Le Dinannais, an XI, 101 tonneaux : 7.608 fr.
La Sorcière, an XI, 45 tonneaux : 10.000 fr.
La Confiance, an XIII, 100 tonneaux : 20.000 fr.
Le Spéculateur, 1808, 50 tonneaux : 16.000 fr.
Le Turbulent, 1810, 15 tonneaux : 1.650 fr.

L'armement du bateau exige des 7 sommes beaucoup plus considérables [Note : P. j. n° 7. Compte de bâtisse et d'armement du Tigre. Le seul doublage en cuivre de ce navire pour une seconde campagne, qui devait avoir lieu en 1793, coûtait 16.551 fr] surtout pour ce qui concerne les articles artillerie, armes pour la campagne.

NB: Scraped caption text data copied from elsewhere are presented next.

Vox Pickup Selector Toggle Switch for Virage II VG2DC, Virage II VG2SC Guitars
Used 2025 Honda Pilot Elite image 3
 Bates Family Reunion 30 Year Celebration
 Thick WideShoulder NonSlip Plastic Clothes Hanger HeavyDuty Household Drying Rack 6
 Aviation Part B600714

Fort peu de bâtiments en effet, entreprennent la course sans artillerie [Note : On en trouve 2 ou 3 exemples au cours de cette période, par exemple en 1810, La Biscayenne, armateur R. Surcouf, a seulement de menues armes]. Ils ont presque tous des canons ou caronades de différents calibres depuis 1 jusqu'à 11 livres de balle, montés sur affûts [Note : L'artillerie reste à peu près ce qu'elle était au milieu du XVIIIème siècle. On trouve : 1° Des canons de fer de différents calibres, montés sur affûts très bas, que l'on manœuvrait à l'aide de poulies et palans ; 2° Des pierriers de fonte, montés sur chandeliers, se chargeant par la culasse au moyen d'une boîte à cartouche, retenue par une goupille, petites pièces souvent plus nuisibles aux servants qu'à l'ennemi ; 3° Un petit nombre de courtes caronades aisément maniables]. Le nombre des canons varie naturellement beaucoup selon l'importance des navires. Les instructions du Ministre en l'an XI menaçant de ne plus accorder de « Lettres de Marque » aux corsaires insuffisamment armés semblent avoir porté quelques fruits. Beaucoup ont de 10 à 14 pièces d'artillerie. Les exceptions sont encore assez nombreuses, mais au moins l'on ne trouve plus guère, comme en 1793, des bâtiments uniquement munis de pierriers. A noter la coutume fréquente d'installer bien en vue sur le pont, afin sans doute d'en imposer à l'ennemi, quelques canons en bois [Note : P. j. n° 8. Inventaire du Passe-Partout].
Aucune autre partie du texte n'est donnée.